This is a guarantee of collection and not of payment. Guarantor hereby guarantees the collection of the Liabilities of the Obligor upon the condition that, in the event Obligor defaults in the payment of any of the Liabilities of Obligor, the Obligee shall first have exhausted all of its remedies against Obligor to recover from the Obligor so much of the Liabilities of Obligor as can be thereby obtained, before requiring payment of any part thereof from the Guarantor.

 Defendants assert that because this is a guaranty of collection, the City must first exhaust ordinary means before it moves to enforce the guaranty, Consolidated Steel Corp. v. Pressed Steel Car Co., 118 Misc. 480, 194 N.Y.S. 649 (1922), and that until plaintiff exhausts all ordinary means of collection against defendants Twin Rivers and ANB, plaintiff's action is premature. Defendants further contend that a creditor is obligated to exercise due diligence in enforcing his legal rights against the obligor before seeking to recover from the guarantor of collection.

 The City contends that a subsequent provision contained in the RGI Guaranty gives them the right to sue immediately. The relevant provision on which the Department of Finance relies directly follows the language quoted above and states:


Notwithstanding the foregoing, in the event Obligor has sold the property and all sums due to Chemical Bank (whether for principal, interest or otherwise) pursuant to its mortgage liens on the Property have been paid in full there shall be no requirement that the Obligee exhaust its remedies against Obligor.

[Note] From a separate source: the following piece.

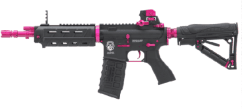 G&g gr4 g26 black rose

 The City argues that pursuant to the Judgment of Consent Foreclosure entered on December 29, 1992, the property (Pavilion Apartments) was transferred to Chemical Bank to satisfy Chemical's mortgage liens. The City references the relevant portion of the Judgment which states that:


(b) Chemical has no right to any personal judgment for deficiency against any mortgagor under the Mortgages or any other person liable for the indebtedness secured by the Mortgages;


(c) Defendant CNYDF [the City] has exhausted its remedies against defendants under its third lien on the Property.

 Thus, the City argues that since the property has been transferred to Chemical Bank and Chemical Bank's loans have been partially satisfied, an action against RGI and AIC pursuant to the terms of the guarantees is proper and timely.

 Even though defendant counters this argument and asserts that this provision only appears in the RGI Guaranty and that the terms of the provision were not triggered, plaintiff's arguments are more persuasive and correct under the case law. Defendants argue that because the property was not sold and because the debt owed to Chemical Bank was not satisfied, the provision cannot be enforced. I disagree with defendants on this later point.

 I find that the terms of the provision were satisfied by the December 29, 1992 Judgment of Consent Foreclosure which is equivalent to a forced sale. However, I do agree with the defendants when they argue that because the provision is not contained in the AIC guaranty, the plaintiff can invoke the use of this provision only against RGI and not against AIC.

 c. Exercise of Due Diligence

 Defendants contend that prior to bringing an action against RGI or AIC, the City must also first exercise due diligence to pursue its rights under the Note. Specifically, defendants argue that the Department of Finance waited over 2 1/2 years to bring this action against the defendants and that this period is too long as a matter of law. See Craig v. Parkis, 40 N.Y. 181 (1869) (Court of Appeals held that creditor's delay of six months between due date of note and commencement of suit not exercise of due diligence); McMurray v. Noyes, 72 N.Y. 523 (1878) (fourteen month delay in commencing suit to recover on note due constituted lack of due diligence); accord Jackson v. Decker, 14 A.D. 415, 43 N.Y.S. 957 (1st Dep't 1897) (sixteen month delay in enforcing note did not satisfy due diligence requirement). Each of the cases defendants rely on suggest that at a minimum, a six month interval between the time a note comes due and the enforcement of the note, is sufficient to predicate the dismissal of an enforcement action as a matter of law.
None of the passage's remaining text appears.